The technology will also release YouTube videos to a wider foreign market and make them more searchable, which will make it easier for Google to profit from them.
While the technology can include captions only on English-language speech, Google is giving users the choice of using its automatic translation system to understand the captions in 51 languages. That could widen the appeal of YouTube videos to millions of other people who do not speak English but could use the captioning technology to read subtitles in their native language.
The speech identification technology that Google uses to turn speech into text is not new; Google presently uses it to transcribe voice mail messages for users of its Google Voice service.
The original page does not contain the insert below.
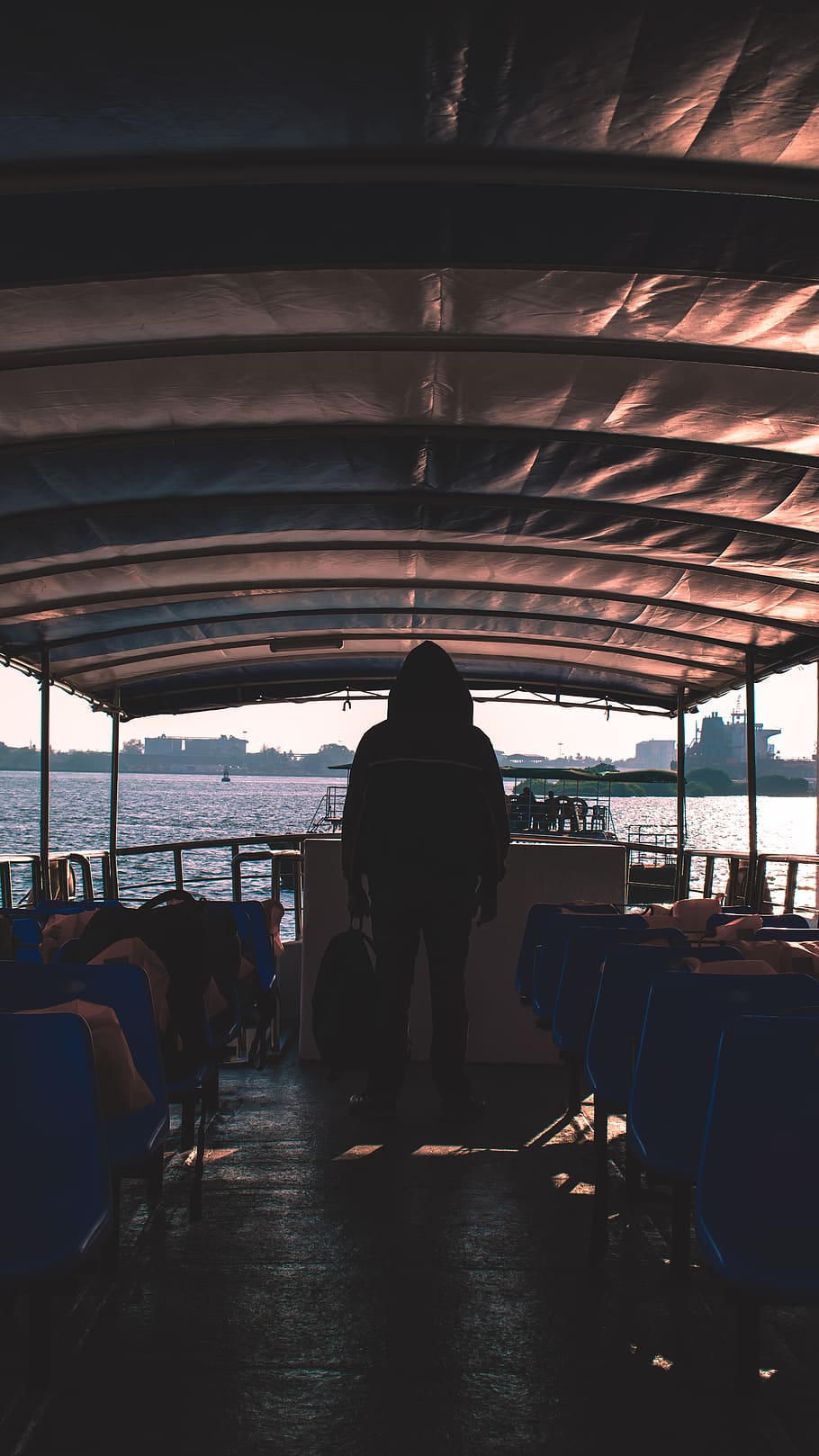 person standing inside watercraft, human, restaurant, cow, animal HD wallpaper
But Ken Harrenstien, a deaf engineer who helped develop the automatic captioning system, said the technology had never been practical on such a large scale.
YouTube already has numerous hundred thousand videos that have closed captions, which normally come from broadcast networks that include them in their programs. Some other online video sites like Hulu and AOL also have some professionally produced videos with closed captioning.
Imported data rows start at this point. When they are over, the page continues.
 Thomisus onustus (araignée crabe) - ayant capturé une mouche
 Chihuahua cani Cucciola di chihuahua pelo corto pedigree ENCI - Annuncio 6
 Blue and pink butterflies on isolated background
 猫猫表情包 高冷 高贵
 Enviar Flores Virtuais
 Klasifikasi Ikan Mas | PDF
But Mr. Harrenstien said an immense majority of clips on YouTube did not have captions and the new Google technology would create them automatically. YouTube is primarily applying the captioning technology only to a few channels, most of them specializing in educational content. They comprise channels from universities like Stanford, Yale, Duke, Columbia and the Massachusetts Institute of Technology, PBS and National Geographic, and Google itself — its corporate videos will be captioned. The company plans to steadily expand the number of channels that work with the automatic captioning technology.
Google also introduced a associated service to give anyone who uploads a video to YouTube the option of uploading as well a text file of the words spoken in the video. Google will change the text file into captions, automatically matching the spoken words with the files.
The technology, which Google calls “auto-timing,” will make it simple for anyone to add captions to their videos. It will be accessible to YouTube users worldwide, and Google said it would be mainly useful for videographers who shoot from a script, since they already have a file of the text spoken in the video.
In addition to serving people who are deaf or do not speak English, the captions will make it easier for anyone to search text inside videos and find specific snippets within a video.
Google announced the innovative features on Thursday at an event in Washington. The company said they would be accessible by the end of the week.